Problem Description
Given an array of non-negative integers, a subarray is called beautiful if it is possible to reduce all its elements to 0 by repeatedly choosing two different indices and subtracting 2^k from both elements at positions i and j (for some non-negative integer k) provided the kth bit in both numbers is 1. Determine the number of beautiful (contiguous) subarrays in the given array.
Key Insights
- The operation subtracts 2^k from two numbers only if the kth bit is set in both. This means that for every binary bit position, we can only remove bits in pairs.

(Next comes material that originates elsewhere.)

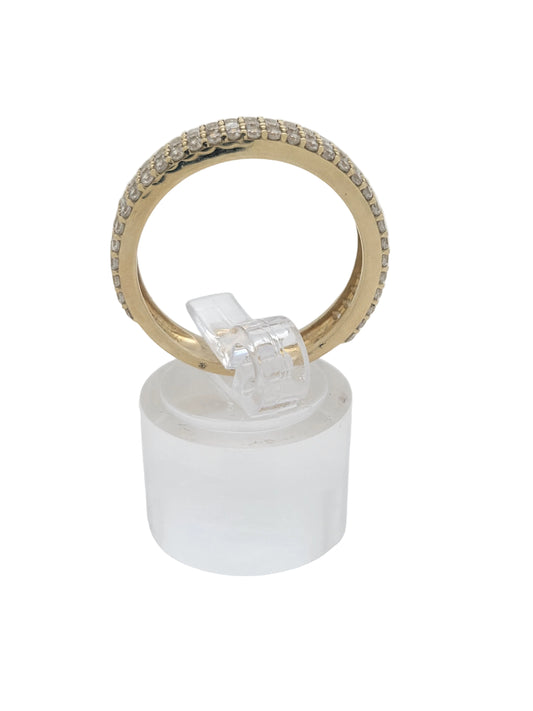 10K gold ring. Band. CZ stone. Size 10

- A subarray can be reduced to zero if and only if, for every bit, the count of ones in that bit position is even.
- Observing that parity (even/odd) of bit counts is equivalent to computing the XOR of the subarray, a beautiful subarray must satisfy that its XOR equals 0.
- Thus, the problem reduces to counting subarrays with a cumulative XOR of 0.
- A prefix sum (or prefix XOR) technique with a hashmap can efficiently count subarrays that have the required property.
Space and Time Complexity
Time Complexity: O(n), where n is the number of elements in the array.
Space Complexity: O(n) in the worst case, for storing counts of prefix XOR values in a hashmap.
Solution
The solution uses a prefix XOR method. Define prefixXOR such that prefixXOR[i] is the XOR of nums[0..i]. A subarray nums[i+1..j] has XOR equal to prefixXOR[j] XOR prefixXOR[i]. For the subarray to have XOR 0, it must be that prefixXOR[j] equals prefixXOR[i]. Additionally, if the prefixXOR itself is zero at a given index, the subarray from the beginning to that index is beautiful.
By maintaining a hashmap that maps each prefixXOR value to its count, we can increment the result by the count each time we see the same prefixXOR again. This efficiently counts all beautiful subarrays in one pass.